Sunday, April 12, 2020

Studio pottering

To start, a shot of a stunning pink flower of a weird cordyline type plant at the new studio - stunning!

And then to pottering.  Whilst my anxiety about the world and the future is receding slightly (mainly I think because we appear to behaving as a nation and doing sensible things with good outcomes) I am not yet back near anything I would call peak performance!  I am definitely still a bit skittery and finding that time is an odd thing - slippery and stodgy at different times.  So I am manly pottering in the studio and using the time to do some of those what if? or how do I? s that I often think about in passing, but don't get back to doing.

This week I decided it was time to try out some metallic dusting powder I had bought when we were in Scotland last year.  I thought it might be nice to dust it onto black or other colour ink to give it a golden touch, rather than using up lot of metallic ink.  Metallic ink can also be a bit hit and miss - it is always hard to get the metallic pigment bits to stay evenly mixed and not just fall to the bottom of any pot and so on.

So as Barry was madly printing away the back of over 200 postcards, I nicked into the production line to print two for myself to practice on.

The dusting powder is very fine - so precautions re breathing were taken. Whilst the ink was still wet, I dusted a wee bit of powder on. Gold and copper.

And because I am pretty impatient, I dusted it off again after about 5-10 minutes. And was pretty chuffed! I think we will find nice ways to use these powders.

Another thing I bought when in Scotland was a sheet of polymer plate flourishes.  I am a traditional type kind of letterpress gal; but thought a few flourishes could come in handy every now and again.  So they have sat there for a while now and I thought if not now, then when? Laugh. I am not made for modern ways...

I have had limited success with polymer plates  and as ever, teaching yourself can mean a whole lot of dumb things happens and mistakes get made.  Still, I thought I should have another go.

So I cut one out and attached it to a piece of timber I had had cut to make type high.

Pretty happy with what came about - could be useful. It was crisp and clean around the edges which was great. But boy did I have trouble making it stick on the block.

I thought I should test out a few more so cut out quite a few from the plate - it was good buying! Lots of different flourishes.

They were all set on blocks and I thought this would test a good few of them.

Again - struggled to get them to stick.

Two fell off as I put them through the press.
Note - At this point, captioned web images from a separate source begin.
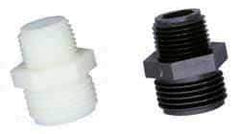 Green Leaf - 3/4 MGHT & 3/8 MPT Garden Hose Adapter - Nylon, Male Hose to Male Pipe Connector - Americas Industrial Supply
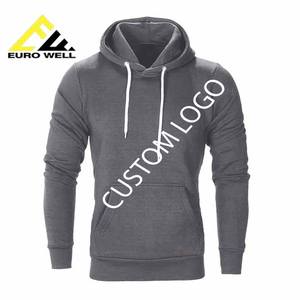 Venta al por mayor de los hombres de talla grande 100% de algodón de cuello redondo pulóver sudadera nueva llegada personalizada logotipo bordado patrón sólido de punto - Product Image 5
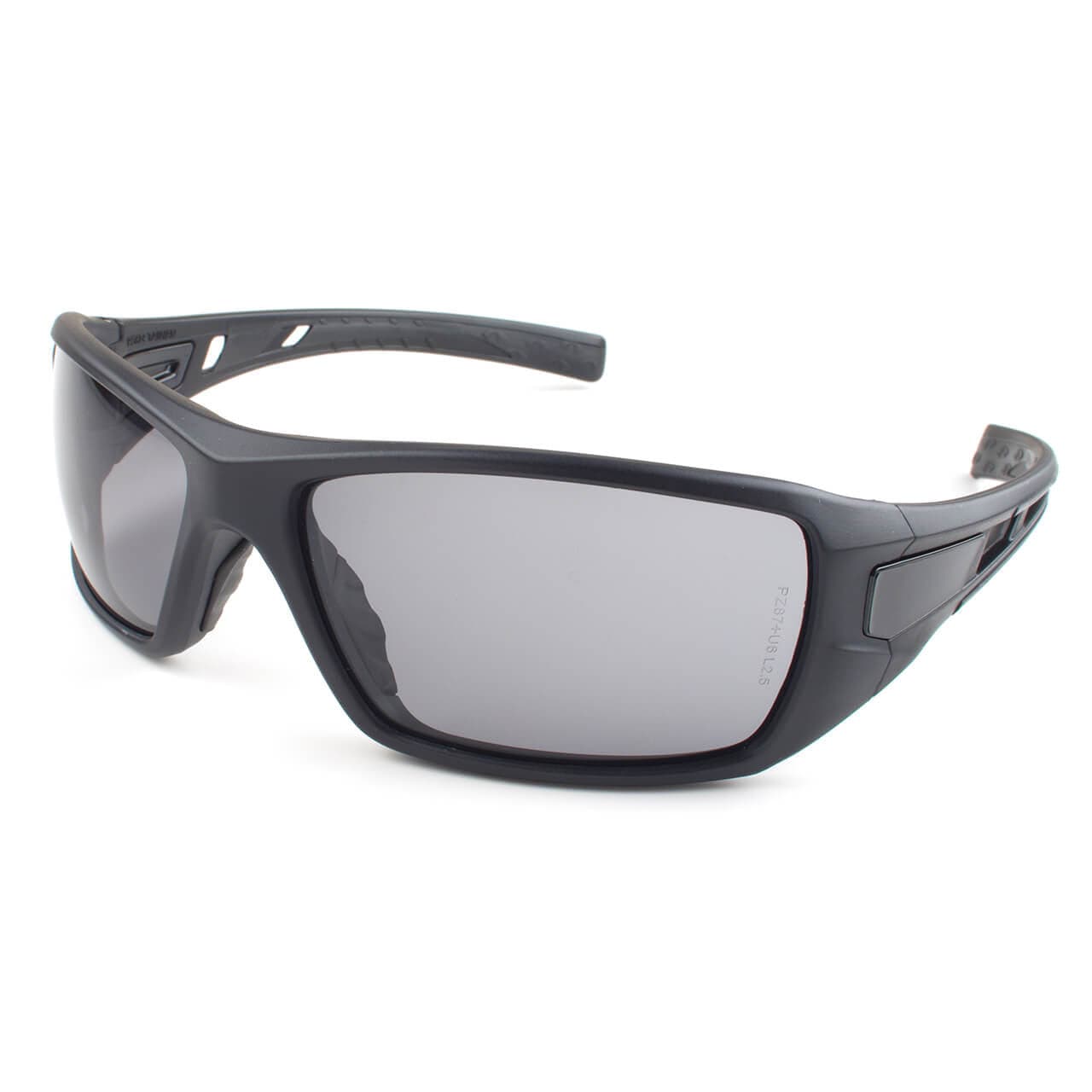 Metel M30 Safety Glasses with Black Frame and Gray Lenses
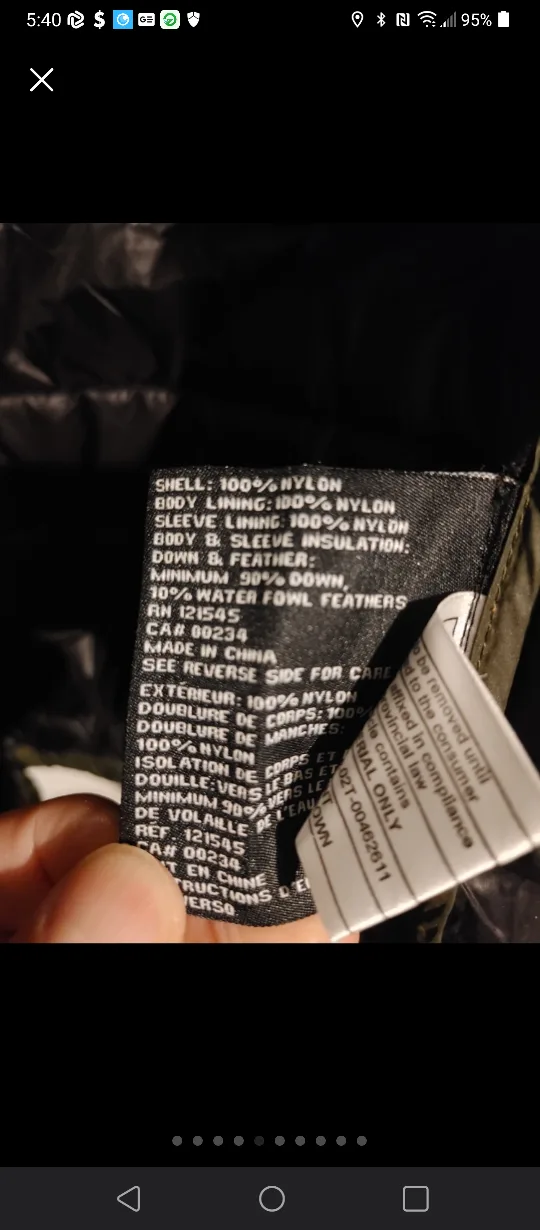 🥕LONDON FOG PACKABLE DOWN JACKET MENS LARGE BRAND NEW WITH TAGS image indicator(2)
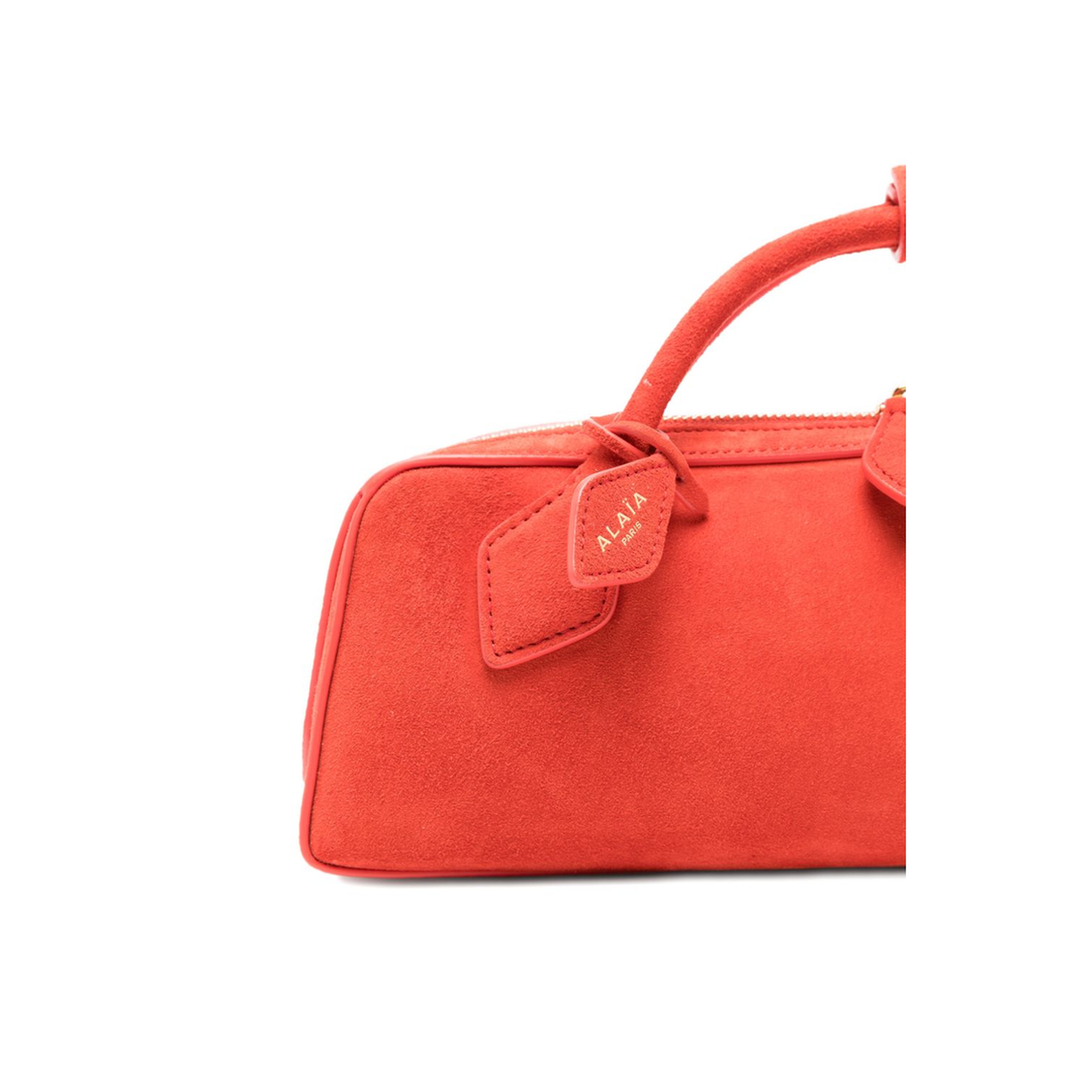 Le Teckel Suede Clutch - Garnet Red - Image 4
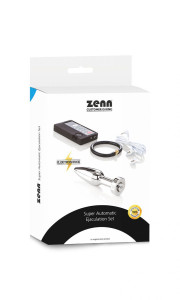 ZENN - SUPER AUTOMATIC EJACULATION SET BUTT PLUG BOLT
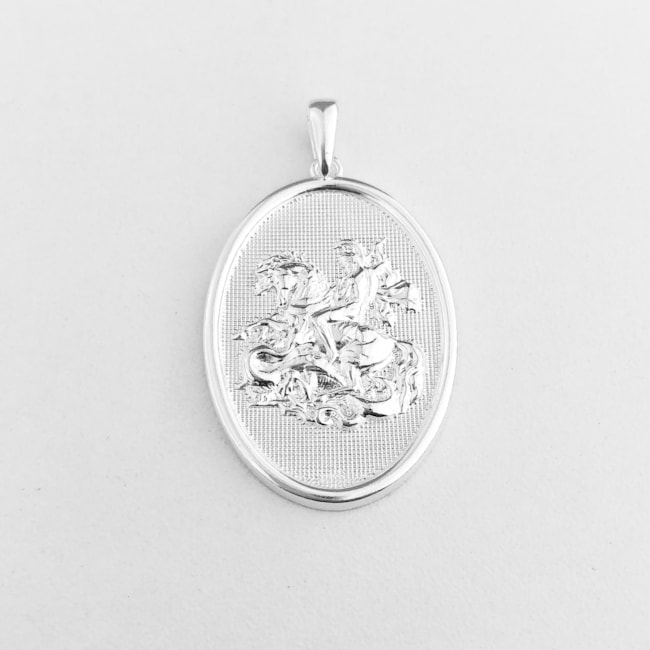 Pingente Medalha de São Jorge Grande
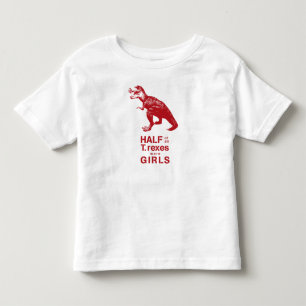 Camiseta De Bebé "La mitad de todos los rexes fueron chicas" Raglan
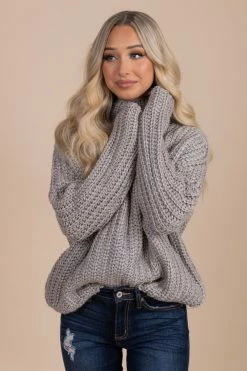 Wholesale Fashion Trends Ultimate Comfort Knit Sweater - Gray -Bella Ella Sales oatmeal 1 91bc34e5 16b9 410e a32b 17f947ab9018 5000x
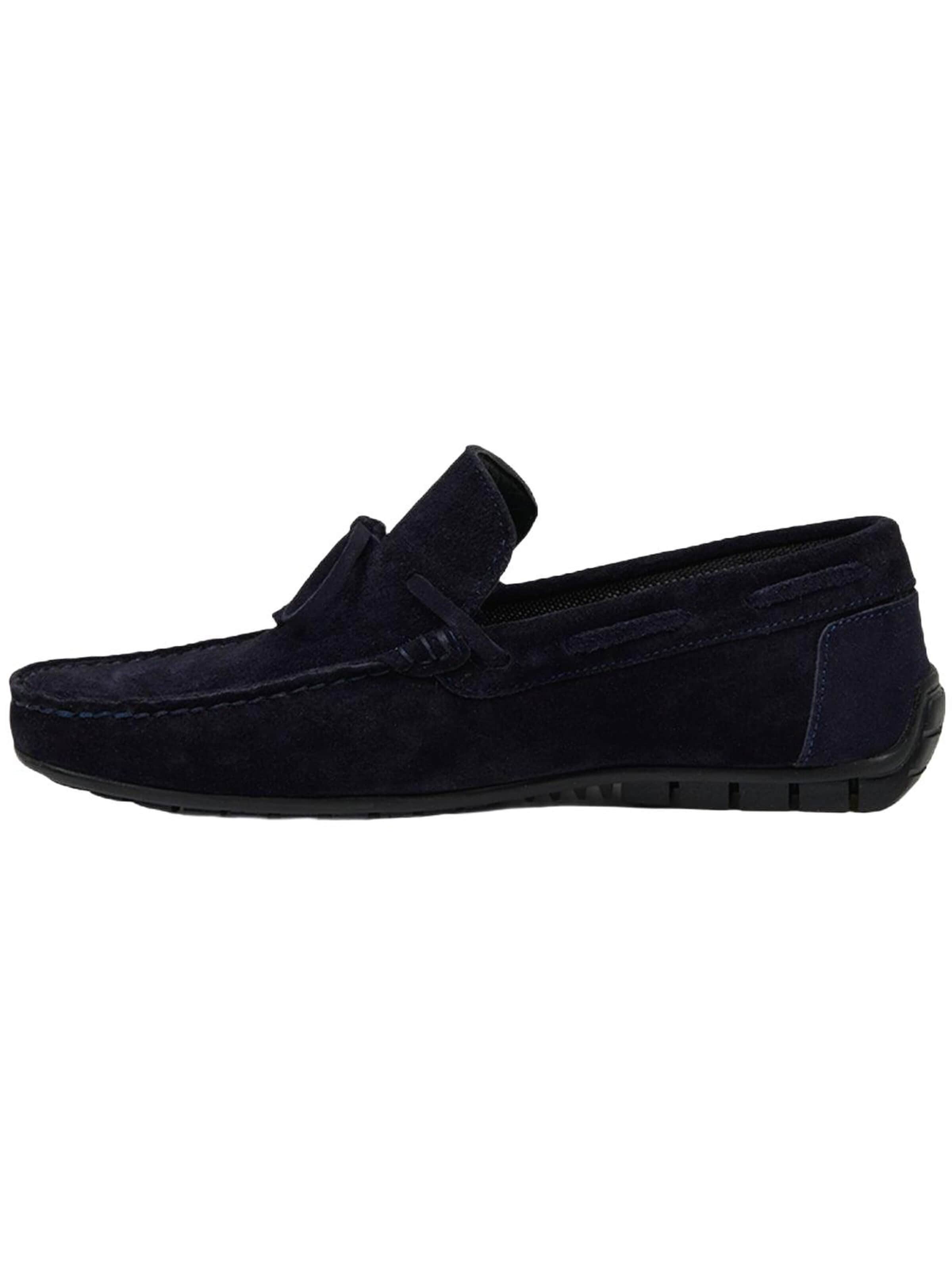 Desa Moccasins 'Slipper' in Blue: front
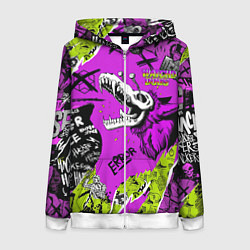 Толстовка на молнии женская Watch Dogs: Legion, цвет: 3D-белый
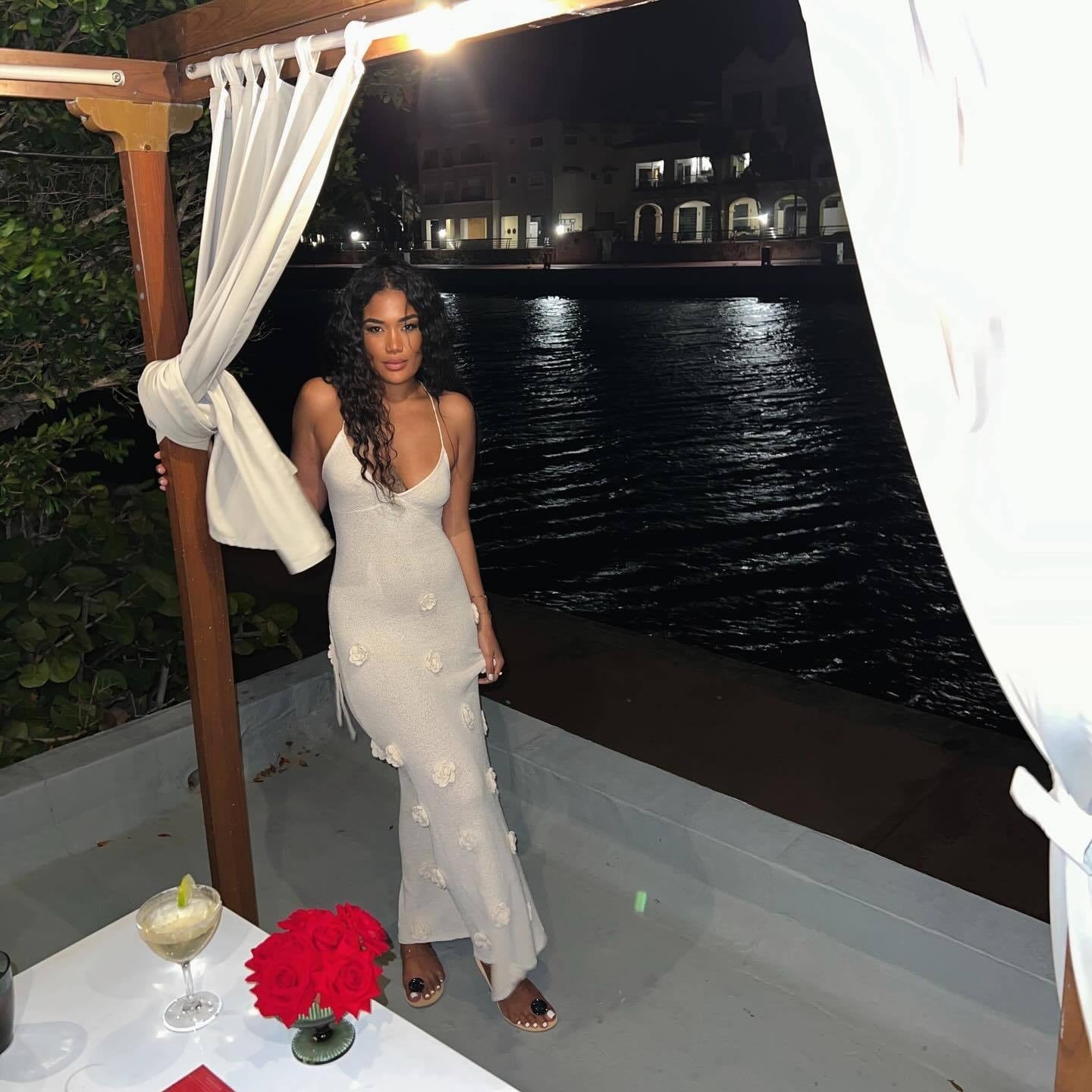 Natalie Floral Embellished Maxi Dress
Clearly this was not going to be a thing I could ever use if they just fell out willy nilly.

The general look and feel of the print was good (except for the two gaps issue) so I wanted to check if I could find out what had gone wrong.

I laughed so hard.  A quick google about the type of plate (it has some serial number on it) and I found the bit where the advice says "replace the blue protective sheet after each use to maintain the plate's adhesive capability".

I went to the drawer where I had packed them away; picked up a piece; and slowly, gently and with stifled and muffled hilarity pulled back the blue protective sheet to discover a significant and magnificent layer of stickiness on the actual plate!!!

There's always next time. Stay tuned. Grin.


  1. I think we all need some twirls and swirls at the moment.
    What make is your dusting powder and where did you buy it? I've been struggling with metallic ink and this looks like it might be a way to try.

    1. HiJac - have found them they are Roberson's bronzing powders and I hope they might work for you. I got mine from Lyme Bay Press. Good luck!

  2. oh that copper stardust is beyond perfect ...

    and love your self-tell ... reading instructions is usually not my first impulse (ready fire aim)

    1. Oh liz I love that ready fire aim thing! I am a bit of a bull at a gate person sometimes and just reckon I will figure it out. Gee I laughed. The fairy dust stuff is great isn't it?!?!?!

  3. The next step now is EMBOSSING POWDER. Are you sure that what you have isn't EP? With them, you dust it onto the wet ink, and shake off the excess, and then heat the powdered paper until the power melts and makes glossy foil-like effects. I used it for my Melinda Smith MOAD work ( There are dedicated vintage machines out there which look like the rolling toasters that businesses and boarding schools use, but I worked originally with a hairdryer and then with a heatgun (which I'm sure Barry's got!). It takes a little practice not to burn the crap out of things but when it's good, it's awesome. You can get embossing powder from scrapbooking supplies these days. xx

  4. I had forgotten bout embossing powder - back int eh day i am sure I had soem for scrapbooking! I think I initially tried to warm it up above a hotplate on the stove, then graduated to a hair dryer. We do have a heat gun so watch out. I will probably have to track some down but sounds like an excellent project for these times as well. It looks stunning on that work of yours - especially on the brown paper - yum!